Re: [rsyslog] [PERFORM] performance for high-volume log insertion

Rainer Gerhards Tue, 21 Apr 2009 23:33:16 -0700

> -----Original Message-----
> From: [email protected] [mailto:rsyslog-
> [email protected]] On Behalf Of [email protected]
> Sent: Wednesday, April 22, 2009 8:26 AM
> To: rsyslog-users
> Subject: Re: [rsyslog] [PERFORM] performance for high-volume log
> insertion
> 
> On Wed, 22 Apr 2009, Rainer Gerhards wrote:
> 
> > Hi Ken,
> >
> > glad to have you here. I am a bit silent at the moment, because I am
> not a
> > real database guy and so I am primarily listening to any information
> that is
> > incoming.
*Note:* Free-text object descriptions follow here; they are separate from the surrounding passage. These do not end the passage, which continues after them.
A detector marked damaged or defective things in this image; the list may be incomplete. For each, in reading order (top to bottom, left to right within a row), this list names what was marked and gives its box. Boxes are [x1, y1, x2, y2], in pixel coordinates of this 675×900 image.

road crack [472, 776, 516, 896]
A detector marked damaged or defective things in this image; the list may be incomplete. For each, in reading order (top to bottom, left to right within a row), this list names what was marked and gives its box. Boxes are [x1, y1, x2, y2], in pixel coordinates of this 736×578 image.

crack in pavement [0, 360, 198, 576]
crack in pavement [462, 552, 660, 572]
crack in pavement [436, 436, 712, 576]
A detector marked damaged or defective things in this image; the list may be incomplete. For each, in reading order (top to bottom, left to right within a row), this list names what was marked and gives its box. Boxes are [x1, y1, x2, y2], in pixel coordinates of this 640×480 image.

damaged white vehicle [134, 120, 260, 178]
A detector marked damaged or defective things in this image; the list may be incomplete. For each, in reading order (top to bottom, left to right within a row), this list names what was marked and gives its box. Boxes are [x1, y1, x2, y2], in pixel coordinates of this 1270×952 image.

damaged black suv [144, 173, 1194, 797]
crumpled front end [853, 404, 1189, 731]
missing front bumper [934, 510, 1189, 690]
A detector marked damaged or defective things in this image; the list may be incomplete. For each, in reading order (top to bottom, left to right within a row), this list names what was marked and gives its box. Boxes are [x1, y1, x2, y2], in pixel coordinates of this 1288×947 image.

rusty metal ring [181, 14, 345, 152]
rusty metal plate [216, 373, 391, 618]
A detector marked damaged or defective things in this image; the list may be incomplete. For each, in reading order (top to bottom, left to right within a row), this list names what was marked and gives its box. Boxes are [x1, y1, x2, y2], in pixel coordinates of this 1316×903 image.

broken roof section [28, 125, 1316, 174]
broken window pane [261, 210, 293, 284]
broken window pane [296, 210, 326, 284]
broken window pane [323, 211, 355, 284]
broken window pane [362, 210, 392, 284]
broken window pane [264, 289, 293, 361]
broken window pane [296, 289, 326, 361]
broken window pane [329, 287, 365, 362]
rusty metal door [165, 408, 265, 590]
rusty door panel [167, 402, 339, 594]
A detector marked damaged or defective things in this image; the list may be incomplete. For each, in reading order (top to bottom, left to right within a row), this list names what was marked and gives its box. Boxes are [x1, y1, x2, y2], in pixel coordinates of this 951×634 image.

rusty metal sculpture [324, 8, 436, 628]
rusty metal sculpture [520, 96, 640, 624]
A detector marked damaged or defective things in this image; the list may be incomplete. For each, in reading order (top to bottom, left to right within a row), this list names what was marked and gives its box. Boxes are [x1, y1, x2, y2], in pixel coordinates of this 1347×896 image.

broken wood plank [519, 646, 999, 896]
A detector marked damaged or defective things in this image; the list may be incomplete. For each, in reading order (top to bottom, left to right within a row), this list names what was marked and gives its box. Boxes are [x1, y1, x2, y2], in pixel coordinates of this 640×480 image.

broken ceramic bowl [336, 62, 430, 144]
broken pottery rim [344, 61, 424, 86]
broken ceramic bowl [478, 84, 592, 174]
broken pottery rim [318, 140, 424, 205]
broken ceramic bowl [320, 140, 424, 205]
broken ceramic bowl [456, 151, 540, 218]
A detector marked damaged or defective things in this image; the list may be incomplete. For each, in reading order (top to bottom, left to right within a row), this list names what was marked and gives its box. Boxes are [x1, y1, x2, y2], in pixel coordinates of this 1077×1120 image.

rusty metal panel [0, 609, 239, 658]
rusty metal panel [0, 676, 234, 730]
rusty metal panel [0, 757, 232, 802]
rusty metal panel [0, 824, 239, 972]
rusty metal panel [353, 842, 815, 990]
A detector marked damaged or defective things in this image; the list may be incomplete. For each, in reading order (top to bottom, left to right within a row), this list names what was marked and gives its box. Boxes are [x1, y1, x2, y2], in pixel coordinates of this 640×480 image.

If you have a couple of minutes, it would be useful to
> review this
> > thread here:
> >
> > http://lists.adiscon.net/pipermail/rsyslog/2009-April/002003.html
> >
> > ...one comment inline below...
> >
> >> -----Original Message-----
> >> From: [email protected] [mailto:rsyslog-
> >> [email protected]] On Behalf Of Kenneth Marshall
> >>
> >> David,
> >>
> >> Okay, I am now subscribed to the mailing list. We are currently
> using
> >> rsyslog-3.20.x. As far as implementing a prototype of the prepared
> >> statement, I was sidetracked by other duties and have not had a
> chance
> >> to do anything but an initial evaluation. As far as the rsyslog
> >> internal
> >> escaping, it looked simplest to create another template type like
> the
> >> current SQL and STDSQL that indicated that escaping was not needed
> >> and/or that prepared statements should be used.
> >
> > To disable escaping, simply do not use SQL or STDSQL. However, the db
> outputs
> > currently require this option (easy to disable), because I cannot see
> how it
> > will work (with the existing code) without escaping.
> >
> > Any idea is most welcome.
> 
> when using prepared statement escaping is not needed.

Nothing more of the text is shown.